Friday, September 17, 2010
On The Map
Sorry to cheat here. This is in Jaffrey, a larger town that was the southeast corner of the day's trip, and the best anchor for talking about the areas just beyond. Plus I liked the trompe l'oeil painting downtown. In contrast to Fitzwilliam, which I mentioned last time, Jaffrey, Rindge, and New Ipswich are becoming yuppified - or whatever it is they call yuppies nowadays. There is this nostalgic charm, but it tends toward faux nostalgia: road signs with horses on them and new houses in groupings ending in "Estates." The town center is less pricey but more authentic - it still has a shoe repair shop that you enter down a half-flight of stairs from the street, for example. Finns moved into this area a century ago and are still over 10% of the population. Very conservative Apostolic Lutheran Finns who had a dozen children per family and grew New Hampshire's dominant construction firm, Sepalla & Aho. I think that's split into smaller firms now, though you can still find those surnames all through the building trades in the area. They didn't live in town, but in the outskirts, generally.

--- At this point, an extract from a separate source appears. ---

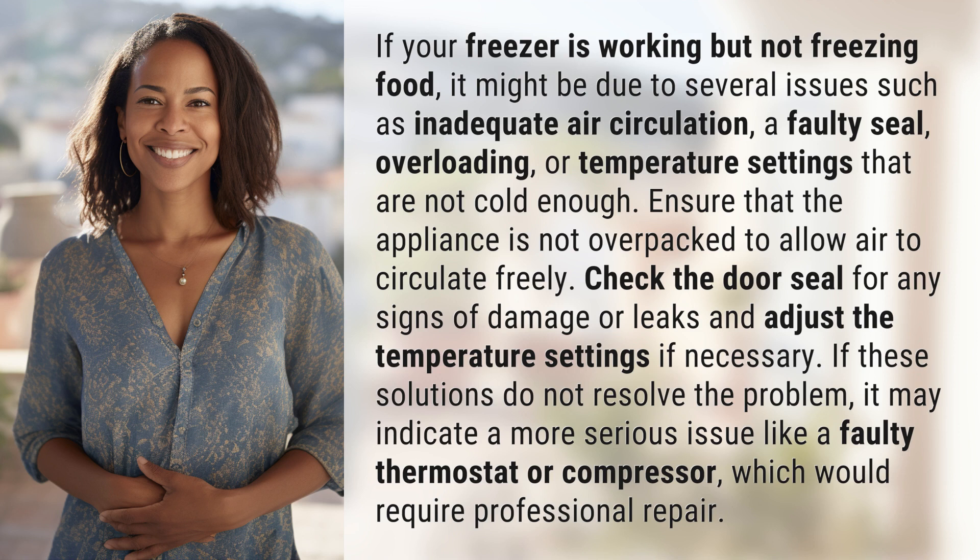If these solutions do not resolve the problem, it may indicate a more serious issue like a faulty thermostat or compressor, which would require professional repair.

Now one dark underside of these charming areas I have been writing about. Starting in the late 60's and gaining momentum in the 70's, the town thugs from Winchester to Jaffrey started hanging out together in Troy, terrorizing residents, shaking down businesses, with the usual B&E's and gratuitous assaults. They eventually graduated to murder, and a number of them were sent off to the state prison in Concord. (One is doing life and is still there.) They were known as the Troy Boys, a silly-sounding name but still dangerous. They became more notorious statewide after they went to prison. The Hell's Angels, up from Lowell and Lawrence, MA were trying to move into NH, and the Manchester based Die Hards had members sent to prison at the same time. (I knew a few of the Die Hards from my old neighborhood - one quite well. Glad he liked me. I apparently had done him some favor - or he thought I did - when were were in grade school.) All three gangs wanted to rule the prison population - the unlikeliest group, the rural Troy Boys eventually succeeded at this until some semblance of order was established in the 80's. The other two groups, along with Devil's Disciples and other gangs trying to establish a foothold, were notorious at Bike Week in Laconia, taking over whole sections where the police refused to go. But the Troy Boys never went the motorcycle route - just rural thugs who liked to beat the crap out of people and didn't much care how badly damaged they got in the process. You can read some current memories of them here. It's hard to find much information about them anymore.